(Data entries)

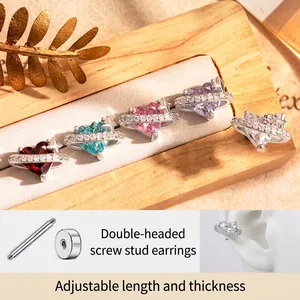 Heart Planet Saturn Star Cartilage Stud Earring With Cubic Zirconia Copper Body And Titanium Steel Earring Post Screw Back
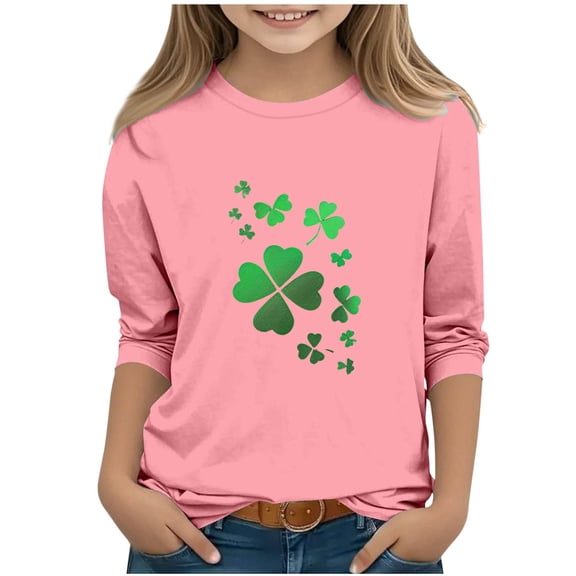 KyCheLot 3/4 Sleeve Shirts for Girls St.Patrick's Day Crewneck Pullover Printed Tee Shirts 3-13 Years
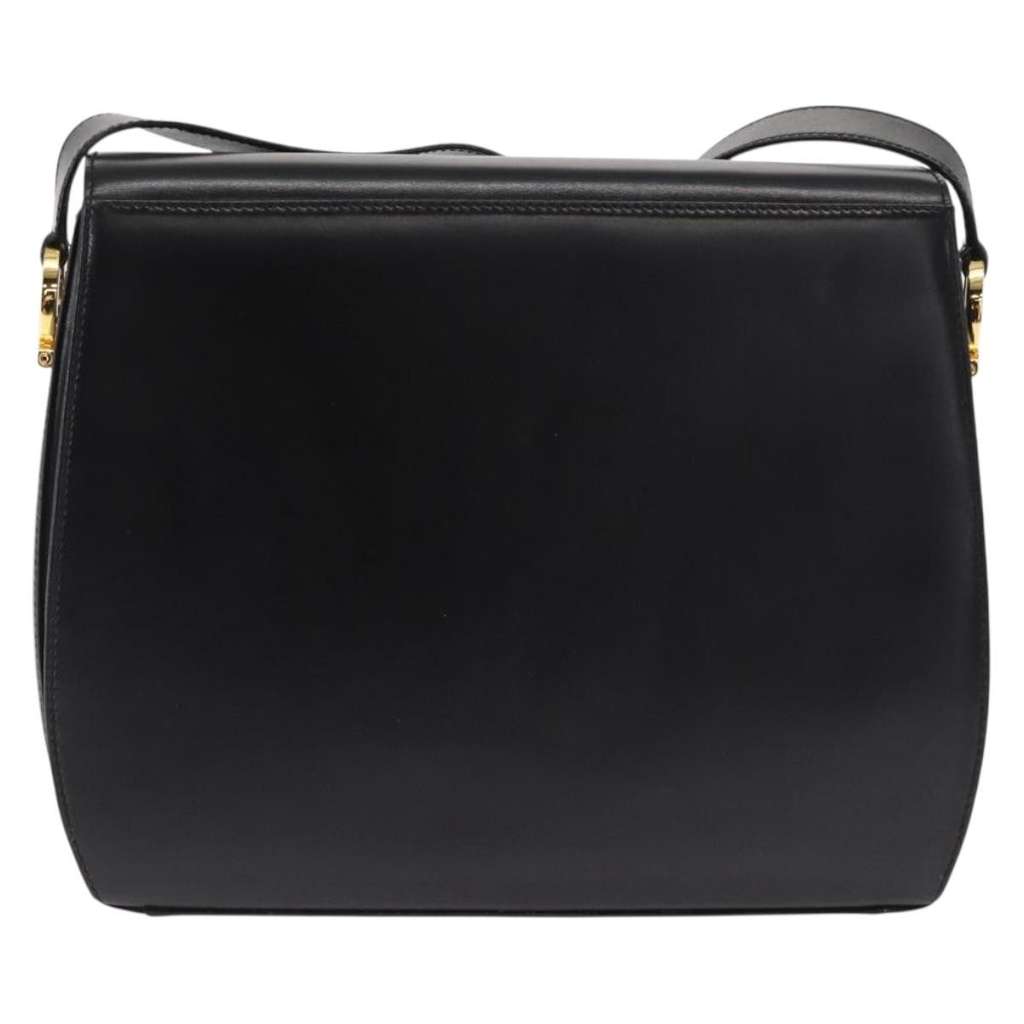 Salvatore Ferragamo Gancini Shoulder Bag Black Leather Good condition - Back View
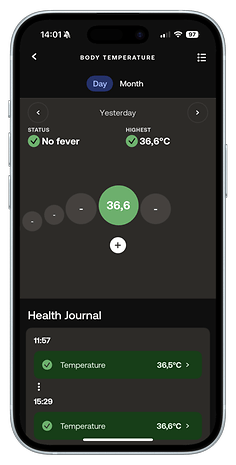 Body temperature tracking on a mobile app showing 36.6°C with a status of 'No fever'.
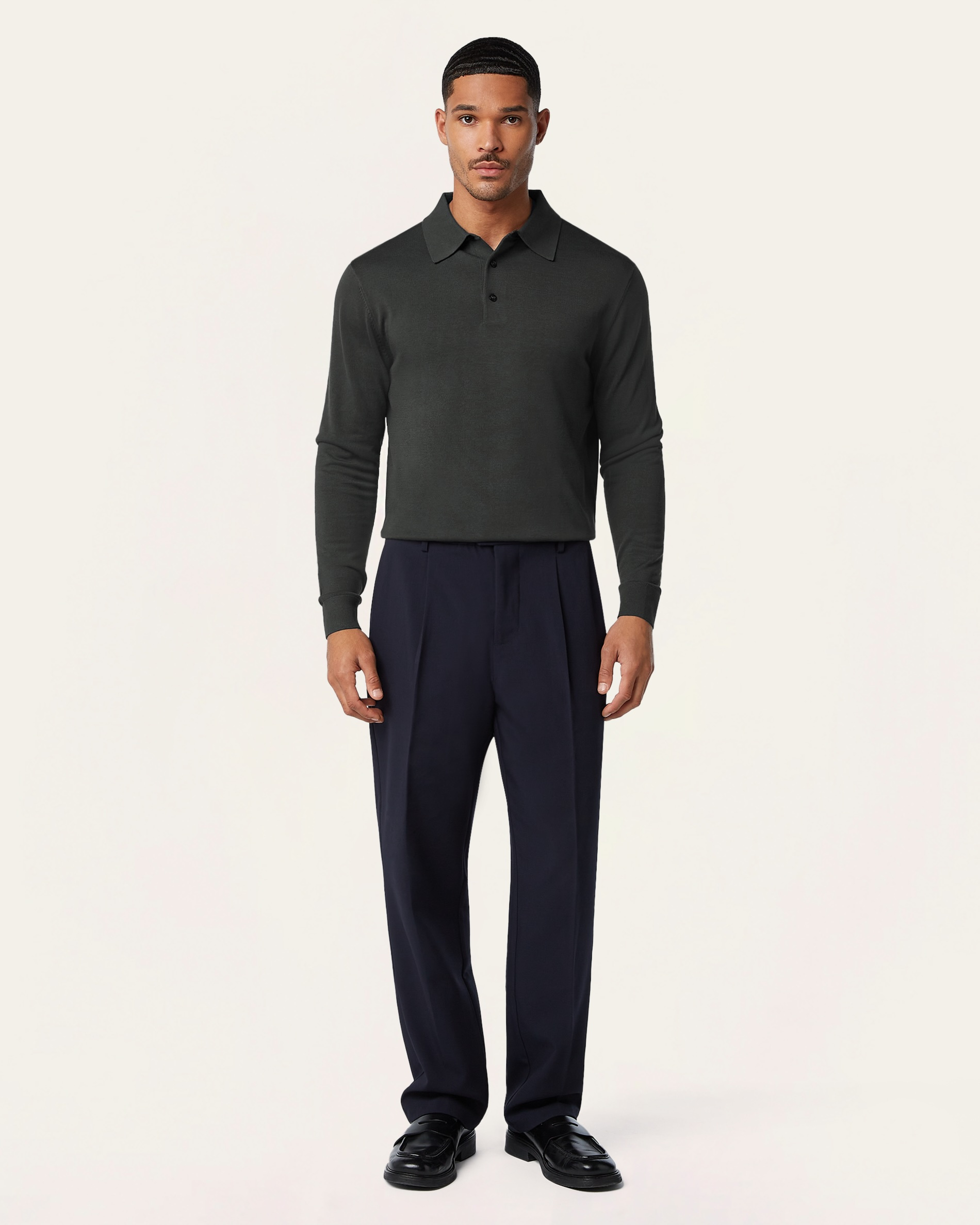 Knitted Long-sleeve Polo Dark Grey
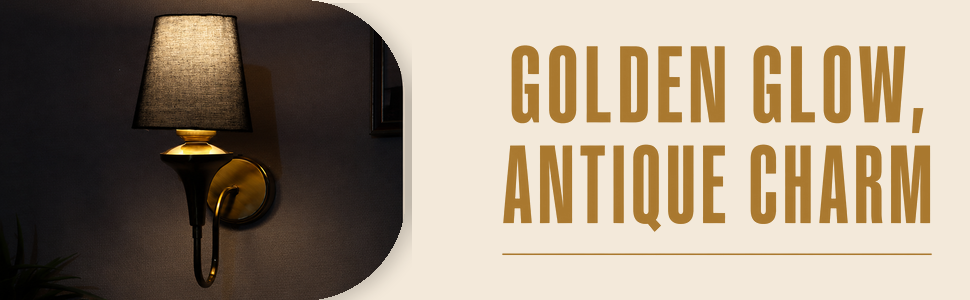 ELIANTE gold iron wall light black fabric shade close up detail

EXERCISE GOAL:
The final stretch of the data, from the line with "Knitted Long-sleeve Polo Dark Grey" through its last line, is to be retyped exactly; pictures are not part of the copy.

EXERCISE RESPONSE:
 Knitted Long-sleeve Polo Dark Grey
 ELIANTE gold iron wall light black fabric shade close up detail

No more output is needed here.